▶ **THE DATA**:

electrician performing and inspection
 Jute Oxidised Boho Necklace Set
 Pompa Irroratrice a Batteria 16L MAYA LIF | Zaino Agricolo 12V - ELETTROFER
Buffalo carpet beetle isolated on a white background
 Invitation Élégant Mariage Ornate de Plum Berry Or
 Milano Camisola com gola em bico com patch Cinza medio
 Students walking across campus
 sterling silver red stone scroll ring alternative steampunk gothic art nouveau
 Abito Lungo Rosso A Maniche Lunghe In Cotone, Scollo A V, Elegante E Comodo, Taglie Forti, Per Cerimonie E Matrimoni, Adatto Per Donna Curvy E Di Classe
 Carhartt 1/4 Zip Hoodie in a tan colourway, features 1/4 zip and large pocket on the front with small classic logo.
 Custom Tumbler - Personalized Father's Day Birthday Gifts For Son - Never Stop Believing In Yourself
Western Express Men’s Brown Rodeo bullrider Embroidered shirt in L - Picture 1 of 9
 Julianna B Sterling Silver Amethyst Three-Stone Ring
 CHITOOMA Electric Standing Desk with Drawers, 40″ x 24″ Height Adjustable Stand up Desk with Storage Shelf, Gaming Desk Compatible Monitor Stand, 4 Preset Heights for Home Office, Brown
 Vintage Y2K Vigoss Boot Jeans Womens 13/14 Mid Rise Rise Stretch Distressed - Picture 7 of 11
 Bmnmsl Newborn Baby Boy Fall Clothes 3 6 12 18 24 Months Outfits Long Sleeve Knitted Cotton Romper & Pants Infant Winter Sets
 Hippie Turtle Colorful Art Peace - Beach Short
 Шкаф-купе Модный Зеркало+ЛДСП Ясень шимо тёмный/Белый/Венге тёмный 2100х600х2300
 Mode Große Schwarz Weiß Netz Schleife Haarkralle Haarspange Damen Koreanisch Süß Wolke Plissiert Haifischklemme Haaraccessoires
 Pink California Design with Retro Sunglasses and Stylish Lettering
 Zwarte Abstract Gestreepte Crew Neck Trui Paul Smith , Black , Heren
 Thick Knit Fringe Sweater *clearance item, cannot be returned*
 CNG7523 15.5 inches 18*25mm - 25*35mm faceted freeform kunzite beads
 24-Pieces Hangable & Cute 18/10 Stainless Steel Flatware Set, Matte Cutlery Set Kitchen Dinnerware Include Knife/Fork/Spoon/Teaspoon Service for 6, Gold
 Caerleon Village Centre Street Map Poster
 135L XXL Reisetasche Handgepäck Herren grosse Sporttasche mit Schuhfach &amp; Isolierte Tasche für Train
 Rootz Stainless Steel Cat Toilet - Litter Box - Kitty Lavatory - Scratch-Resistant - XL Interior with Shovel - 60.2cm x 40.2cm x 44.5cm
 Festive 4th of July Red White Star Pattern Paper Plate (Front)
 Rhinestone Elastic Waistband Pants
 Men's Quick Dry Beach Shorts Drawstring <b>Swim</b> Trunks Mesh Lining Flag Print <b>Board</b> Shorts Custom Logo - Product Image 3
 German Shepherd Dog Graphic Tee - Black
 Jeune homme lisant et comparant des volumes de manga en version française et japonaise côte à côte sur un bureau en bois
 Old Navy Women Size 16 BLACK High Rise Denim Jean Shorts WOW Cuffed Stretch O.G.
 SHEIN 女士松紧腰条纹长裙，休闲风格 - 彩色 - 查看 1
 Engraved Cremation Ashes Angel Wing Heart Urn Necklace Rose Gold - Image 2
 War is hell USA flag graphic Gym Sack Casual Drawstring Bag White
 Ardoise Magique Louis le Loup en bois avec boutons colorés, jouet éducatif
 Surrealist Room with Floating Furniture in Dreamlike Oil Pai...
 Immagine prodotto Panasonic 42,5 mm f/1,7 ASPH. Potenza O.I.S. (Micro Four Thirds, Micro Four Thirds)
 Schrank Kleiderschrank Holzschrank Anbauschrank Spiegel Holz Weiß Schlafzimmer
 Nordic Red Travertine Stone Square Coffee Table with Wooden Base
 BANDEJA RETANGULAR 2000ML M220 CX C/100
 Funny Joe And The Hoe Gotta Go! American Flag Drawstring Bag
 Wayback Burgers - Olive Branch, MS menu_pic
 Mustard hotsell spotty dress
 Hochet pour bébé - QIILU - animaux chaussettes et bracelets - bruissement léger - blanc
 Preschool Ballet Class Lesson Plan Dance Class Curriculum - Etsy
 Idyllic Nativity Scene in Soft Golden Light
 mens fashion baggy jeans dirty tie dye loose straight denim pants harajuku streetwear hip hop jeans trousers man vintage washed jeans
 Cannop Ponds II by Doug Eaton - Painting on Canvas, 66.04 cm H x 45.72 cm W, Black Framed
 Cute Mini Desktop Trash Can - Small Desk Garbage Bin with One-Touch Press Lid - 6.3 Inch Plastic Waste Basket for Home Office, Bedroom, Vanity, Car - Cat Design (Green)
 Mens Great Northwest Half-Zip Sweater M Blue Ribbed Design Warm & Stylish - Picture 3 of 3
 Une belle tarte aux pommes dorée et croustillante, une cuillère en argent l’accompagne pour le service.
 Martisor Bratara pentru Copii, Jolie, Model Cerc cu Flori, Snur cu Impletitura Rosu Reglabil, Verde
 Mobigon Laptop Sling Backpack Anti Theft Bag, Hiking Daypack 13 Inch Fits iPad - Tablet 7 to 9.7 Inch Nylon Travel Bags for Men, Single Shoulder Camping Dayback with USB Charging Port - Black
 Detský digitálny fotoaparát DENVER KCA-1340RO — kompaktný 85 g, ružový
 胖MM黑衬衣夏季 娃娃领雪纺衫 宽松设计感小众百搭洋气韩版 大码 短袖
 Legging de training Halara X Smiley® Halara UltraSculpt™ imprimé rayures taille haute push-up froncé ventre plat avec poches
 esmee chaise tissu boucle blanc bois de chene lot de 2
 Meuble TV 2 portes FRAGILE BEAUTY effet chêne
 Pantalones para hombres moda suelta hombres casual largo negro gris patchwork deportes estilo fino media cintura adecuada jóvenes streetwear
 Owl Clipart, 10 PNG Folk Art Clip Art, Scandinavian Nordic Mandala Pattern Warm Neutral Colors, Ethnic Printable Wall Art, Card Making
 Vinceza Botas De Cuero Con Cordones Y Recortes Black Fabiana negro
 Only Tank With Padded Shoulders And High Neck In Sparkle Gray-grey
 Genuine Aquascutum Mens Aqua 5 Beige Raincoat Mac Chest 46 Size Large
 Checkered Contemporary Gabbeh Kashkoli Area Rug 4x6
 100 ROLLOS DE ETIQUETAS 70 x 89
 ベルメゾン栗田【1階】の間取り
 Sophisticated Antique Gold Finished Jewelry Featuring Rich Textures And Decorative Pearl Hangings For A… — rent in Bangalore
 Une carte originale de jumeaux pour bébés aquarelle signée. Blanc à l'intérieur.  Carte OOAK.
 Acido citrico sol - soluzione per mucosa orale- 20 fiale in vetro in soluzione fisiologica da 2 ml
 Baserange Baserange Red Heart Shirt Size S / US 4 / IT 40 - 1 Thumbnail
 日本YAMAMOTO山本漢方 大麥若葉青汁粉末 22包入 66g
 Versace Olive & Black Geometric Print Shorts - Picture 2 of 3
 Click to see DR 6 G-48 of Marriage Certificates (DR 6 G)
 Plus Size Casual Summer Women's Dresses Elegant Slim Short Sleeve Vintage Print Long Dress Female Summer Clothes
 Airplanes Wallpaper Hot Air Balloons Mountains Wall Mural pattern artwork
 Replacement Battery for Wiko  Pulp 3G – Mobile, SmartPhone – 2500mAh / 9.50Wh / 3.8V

▶ **TO DO**: What lines of the data contain the string "Weiß"? List them.

▶ **SOLUTION FOR THIS TASK**:
 Mode Große Schwarz Weiß Netz Schleife Haarkralle Haarspange Damen Koreanisch Süß Wolke Plissiert Haifischklemme Haaraccessoires
 Schrank Kleiderschrank Holzschrank Anbauschrank Spiegel Holz Weiß Schlafzimmer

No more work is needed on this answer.